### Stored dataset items
════════
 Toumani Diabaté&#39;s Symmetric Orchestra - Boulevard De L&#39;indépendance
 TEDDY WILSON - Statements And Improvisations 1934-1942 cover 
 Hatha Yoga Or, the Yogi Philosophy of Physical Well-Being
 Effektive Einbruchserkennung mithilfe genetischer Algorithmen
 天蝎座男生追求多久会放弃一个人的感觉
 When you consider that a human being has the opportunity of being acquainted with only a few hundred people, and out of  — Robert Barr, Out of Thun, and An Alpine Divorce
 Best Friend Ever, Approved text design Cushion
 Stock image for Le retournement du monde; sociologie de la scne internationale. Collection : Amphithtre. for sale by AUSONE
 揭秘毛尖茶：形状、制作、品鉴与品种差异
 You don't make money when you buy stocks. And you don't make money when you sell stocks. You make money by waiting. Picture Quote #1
════════
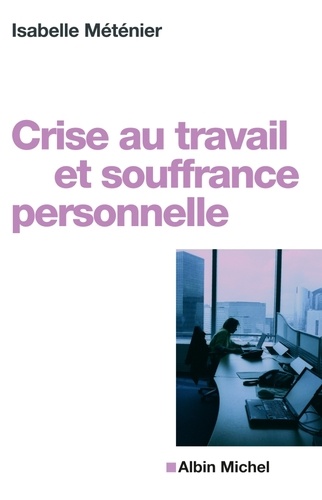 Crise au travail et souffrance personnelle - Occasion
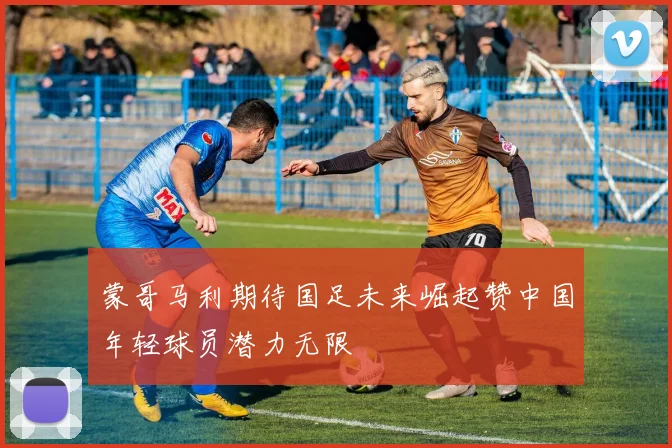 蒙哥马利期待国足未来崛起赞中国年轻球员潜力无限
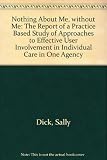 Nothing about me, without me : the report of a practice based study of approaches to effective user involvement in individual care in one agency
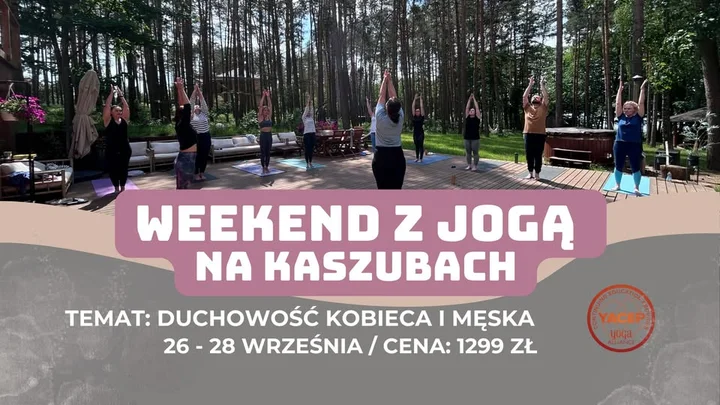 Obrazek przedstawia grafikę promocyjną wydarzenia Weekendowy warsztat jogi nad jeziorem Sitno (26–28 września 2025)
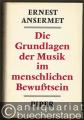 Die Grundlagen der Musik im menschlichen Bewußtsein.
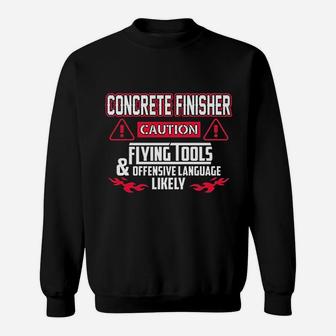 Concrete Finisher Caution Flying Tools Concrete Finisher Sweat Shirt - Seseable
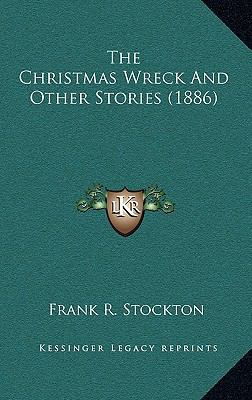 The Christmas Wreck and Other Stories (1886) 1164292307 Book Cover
════════
### TASK
Using the entries above, repeat only the lines from the one containing "Hatha Yoga Or, the" through the one containing "You don't make money when you buy", end lines included.

### RESULT OF THE EXERCISE
 Hatha Yoga Or, the Yogi Philosophy of Physical Well-Being
 Effektive Einbruchserkennung mithilfe genetischer Algorithmen
 天蝎座男生追求多久会放弃一个人的感觉
 When you consider that a human being has the opportunity of being acquainted with only a few hundred people, and out of  — Robert Barr, Out of Thun, and An Alpine Divorce
 Best Friend Ever, Approved text design Cushion
 Stock image for Le retournement du monde; sociologie de la scne internationale. Collection : Amphithtre. for sale by AUSONE
 揭秘毛尖茶：形状、制作、品鉴与品种差异
 You don't make money when you buy stocks. And you don't make money when you sell stocks. You make money by waiting. Picture Quote #1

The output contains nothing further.